━━━━━ SUPPLIED DATA ━━━━━

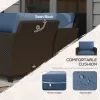 5-Piece Patio Furniture Set with PE Rattan Three-Seater Sofa, Armchairs, Footstools, Cushions, Deep Coffee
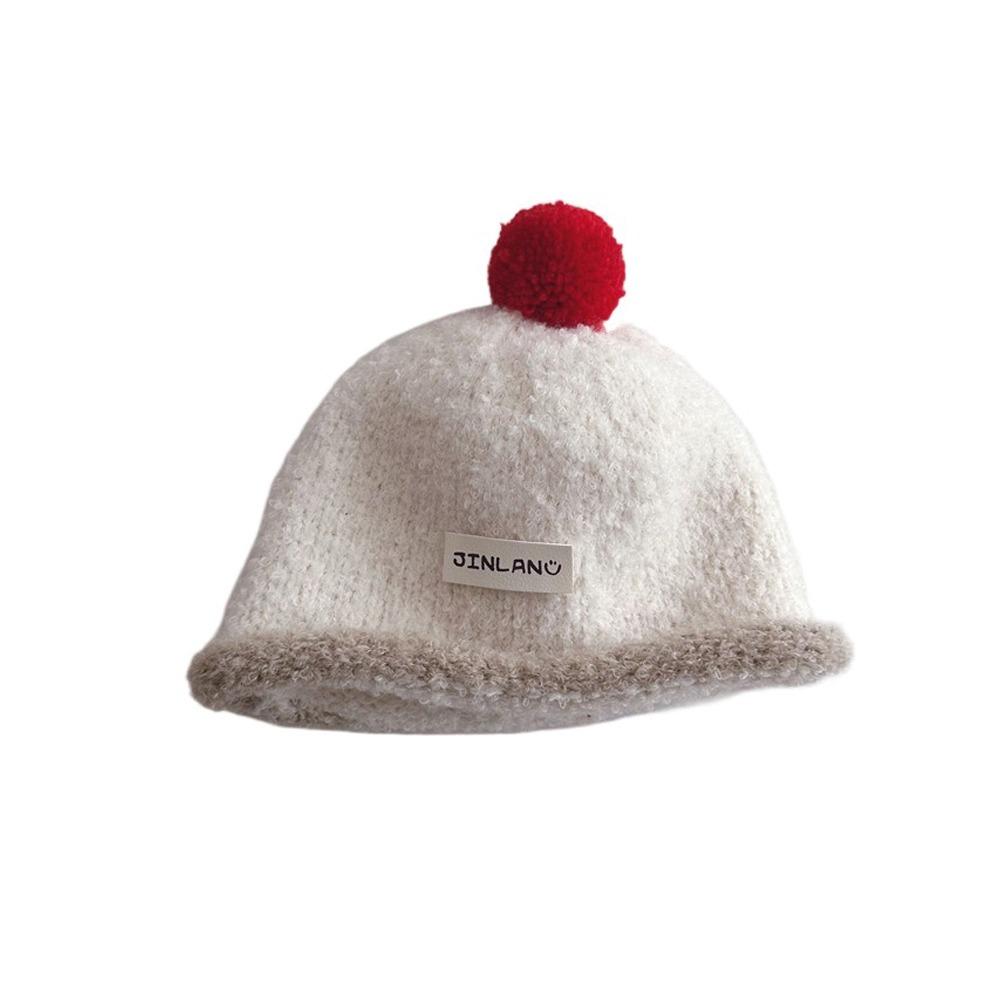 Cute Plush Ball Children Melon Caps Woolen Yarn Baby Knit Hat Korean Crochet Bonnet  Girls Boys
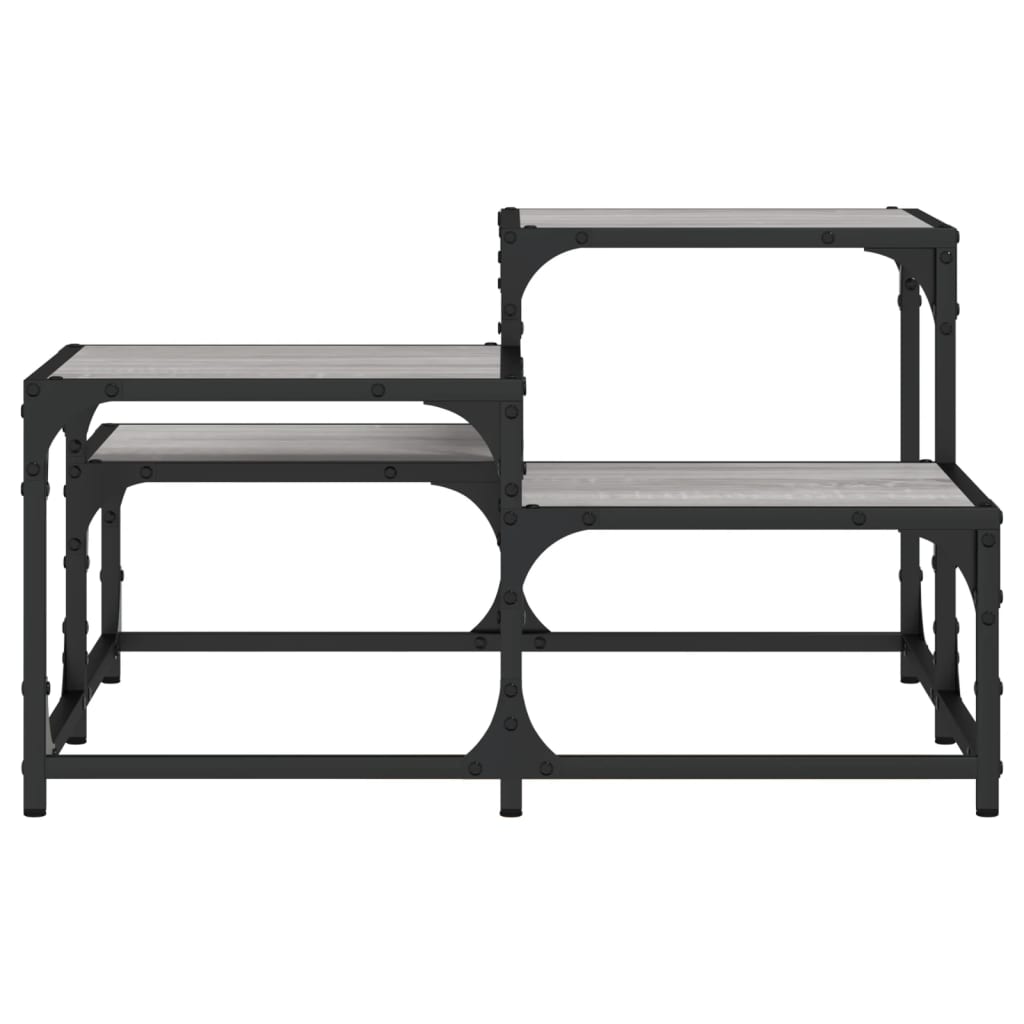 Salontafel 68x68x40 cm bewerkt hout grijs sonoma eikenkleurig is nu te koop bij PeponiXL, paradijselijk wonen!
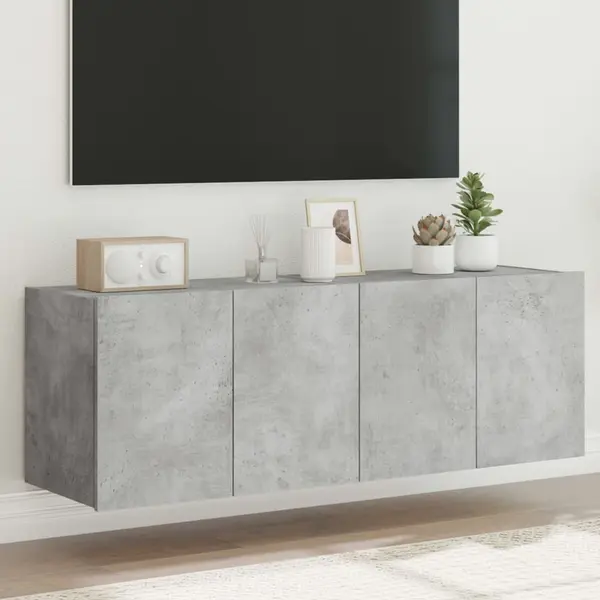 Gossi comode tv de perete cu lumini led 2 buc. gri beton 60x35x41 cm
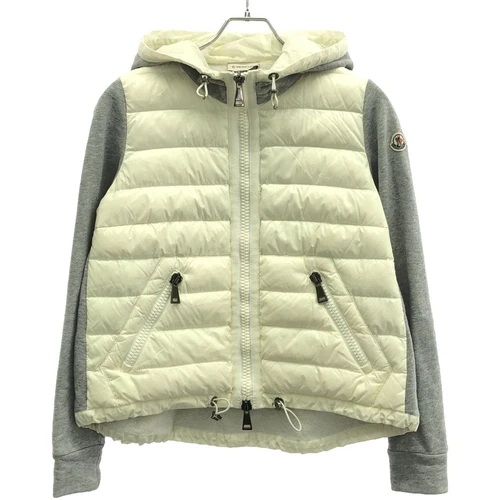 Moncler MAGLIA CARDIGAN PIUMINO FELPA CON CAPPUCCIO B20938496000 BIANCO GRIGIO XS Usato0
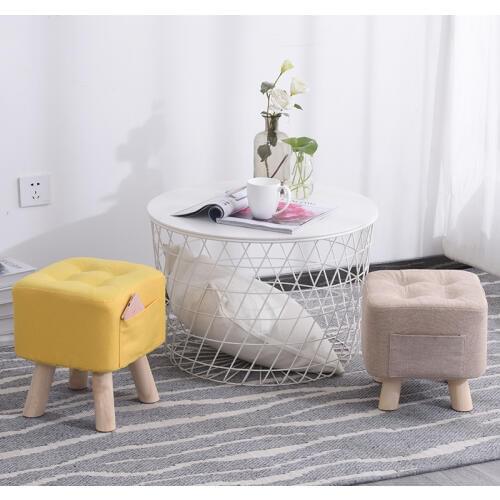 Fabric stool Household fashion creative sofa Living room Adult Kid stools wooden bench furniture minimalist modern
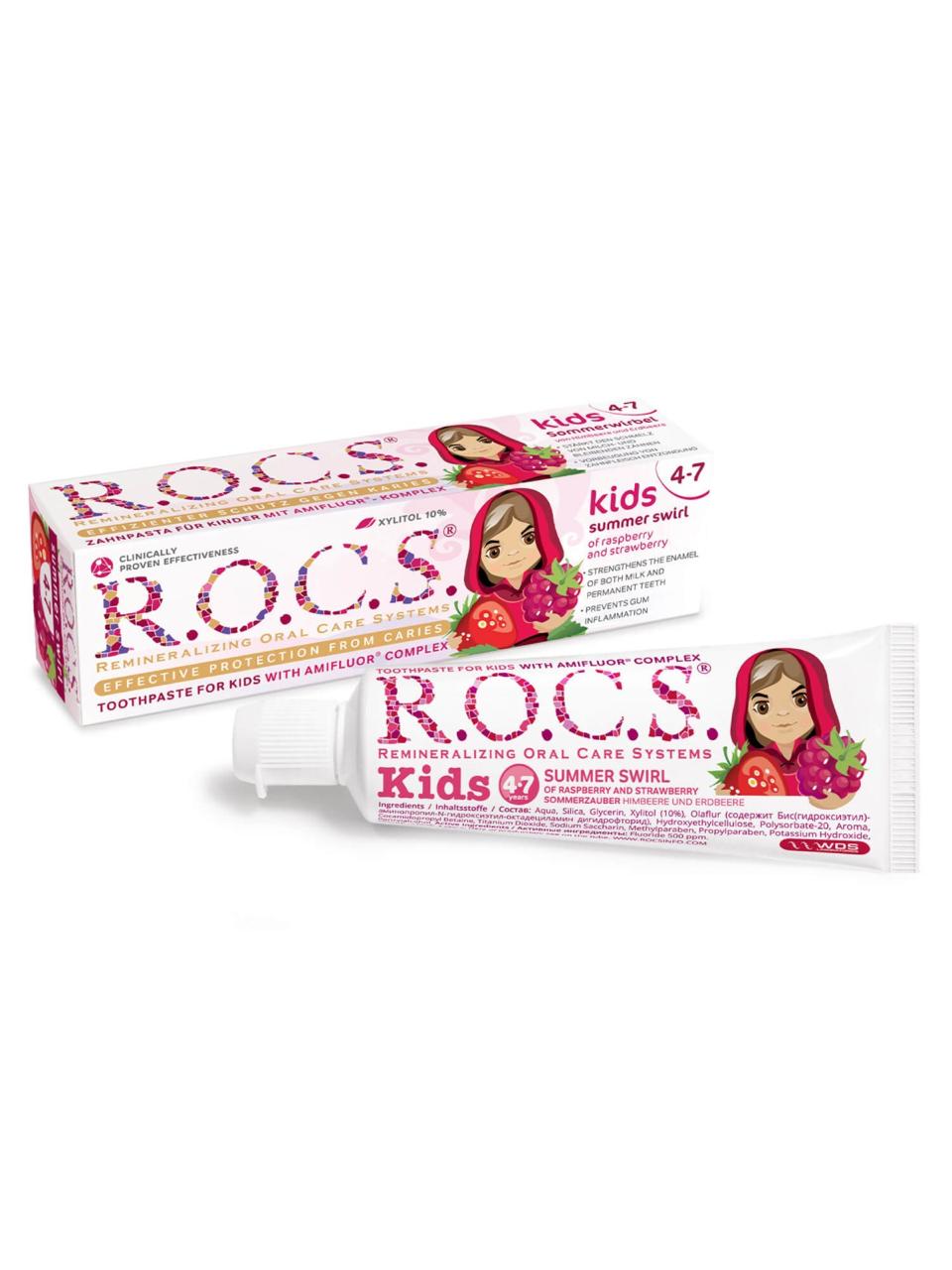 ROCS Toothpaste Kids 4-7 Years Rasperry & Strawberry 45 g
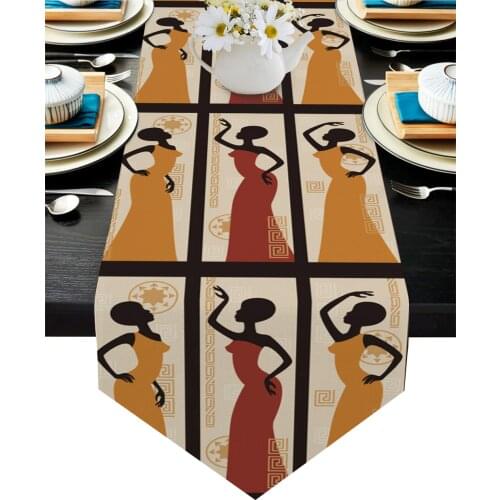 African Women Art Table Runner Wedding Table Decoration Hotel Party Dining Tablecloth and Table Mat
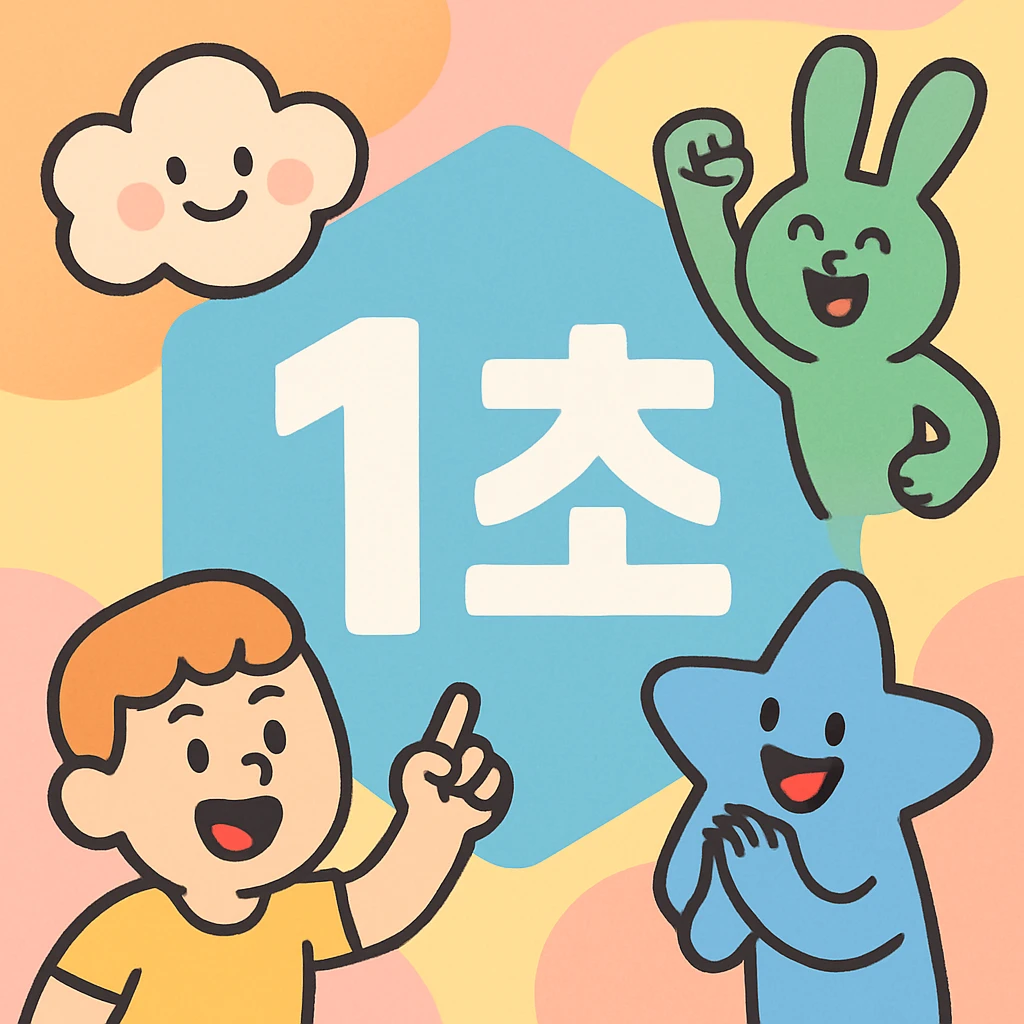 soft sky blue hexagon, '1초' in bold white font at the center, pastel background, gives a sense of encouragement emoji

━━━━━

Repeat, line for line and exactly, the material from its first line through the line that contains "ROCS Toothpaste Kids", both ends included; no pictures belong in the copy.

### REPLY
 5-Piece Patio Furniture Set with PE Rattan Three-Seater Sofa, Armchairs, Footstools, Cushions, Deep Coffee
 Cute Plush Ball Children Melon Caps Woolen Yarn Baby Knit Hat Korean Crochet Bonnet  Girls Boys
 Salontafel 68x68x40 cm bewerkt hout grijs sonoma eikenkleurig is nu te koop bij PeponiXL, paradijselijk wonen!
 Gossi comode tv de perete cu lumini led 2 buc. gri beton 60x35x41 cm
 Moncler MAGLIA CARDIGAN PIUMINO FELPA CON CAPPUCCIO B20938496000 BIANCO GRIGIO XS Usato0
 Fabric stool Household fashion creative sofa Living room Adult Kid stools wooden bench furniture minimalist modern
 ROCS Toothpaste Kids 4-7 Years Rasperry & Strawberry 45 g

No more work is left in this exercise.